Cintec will succeed where others failed because it has come up with a novel way to collect fees, Tang Nguon-Song said. “All the companies who tried to manage waste here were never successful because they could never collect more than 20 percent—that was the big problem,” he said.

Cintec has made an arrangement with Electricite du Cam­bodge to collect garbage fees by including them on customers’ electricity bills. That way, the company will not have to rely on the municipality to enforce its tariffs, Tang Nguon-Song said.

There are 47 years left on the PSBK contract that Cintec is taking over.

Tang Nguon-Song said Cintec will build a wall two meters high around the existing dump to “keep children away, since it is very dangerous.” He said he did not know what would happen to the people living at the dump.

He said Cintec has also agreed to invest some $20 million in a new landfill, which, unlike Stung Meanchey, will meet international standards of sanitation.

“I think the municipality of Phnom Penh has a great opportunity to have this company Cintec as a partner—a company with a lot of experience and success,” Tang Nguon-Song said.

Not all of Cintec’s experiences have been positive.
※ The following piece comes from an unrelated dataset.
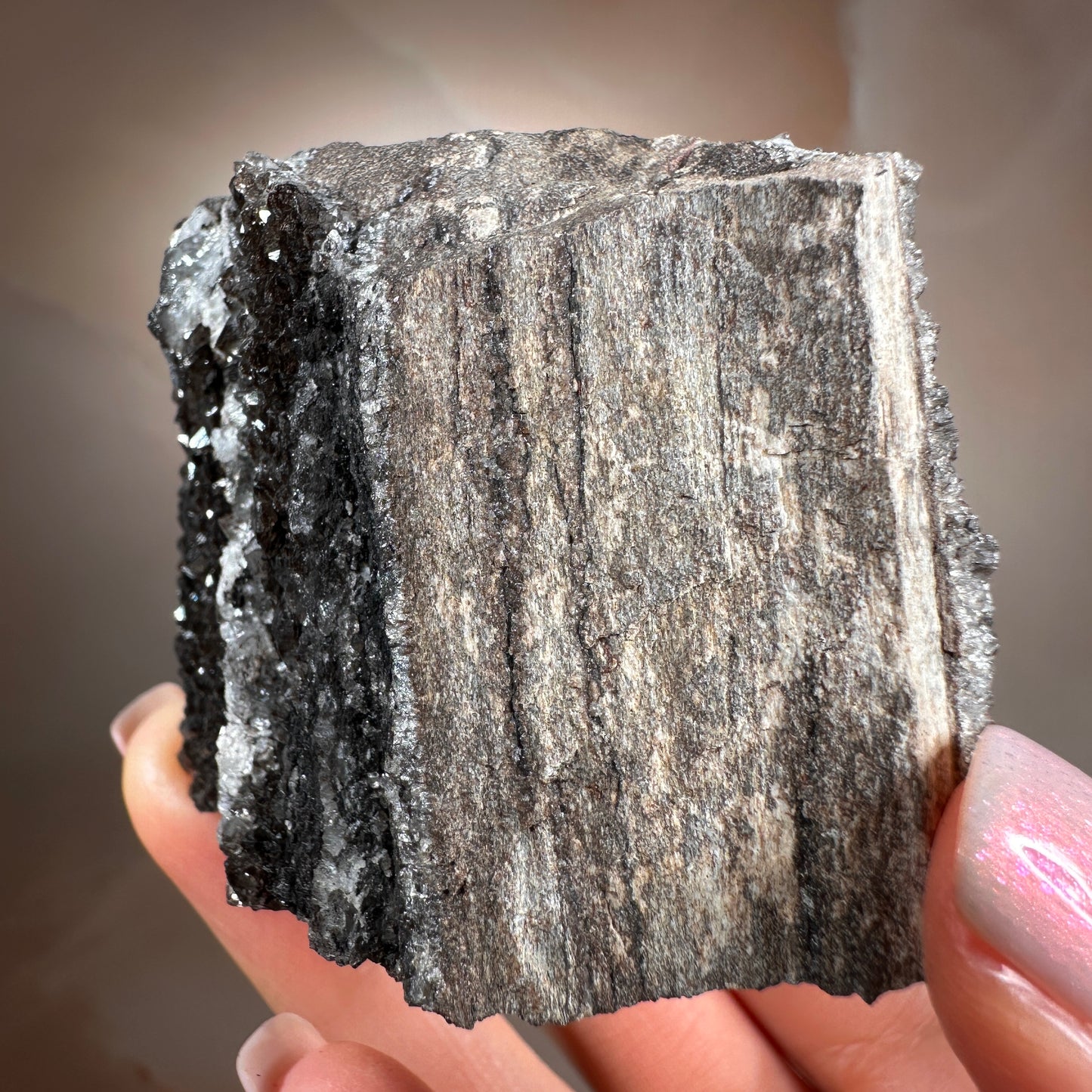 Crystallized Fossil Wood with Smoky Quartz Druzy, 154g — Arizona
In El Salvador in 2000, three municipalities in the metropolitan area of the capital San Salvador accused Cintec of not complying with the terms of its contract to operate a sanitary landfill.

The municipalities claimed Cintec never completed several of the components for an integrated waste management system it was contracted to build.

If something similar happens in Phnom Penh, the municipality will have little recourse, Tang Nguon-Song admitted.

Cintec’s Phnom Penh contract lists nine circumstances that would put the municipality in default, enabling Cintec to stop collecting trash and collect damages. But no clauses guarantee Cintec’s performance or allow the municipality to claim damages.

Nowhere does the contract give the municipality a means to cancel the contract or collect damages from Cintec—not even if the company fails to collect trash.

Tang Nguon-Song said these conditions were necessary guarantees for a skittish investor taking a big financial risk in a country many see as dangerous and unstable.

But he acknowledged Cintec had reason to be pleased with the contract. “When you have a negotiation, both parties try to get as much as they can,” he said. “I think we had a good negotiator, and we got a lot from the city. We got even more in our contract with PSBK.”

Phnom Penh Governor Chea Sophara is in Japan and could not be reached for comment. Other municipal officials said only Chea Sophara could comment on the specifics of the contract.

Tang Nguon-Song would not disclose how much money Cintec paid PSBK for the contract or how much money the company expects to make here.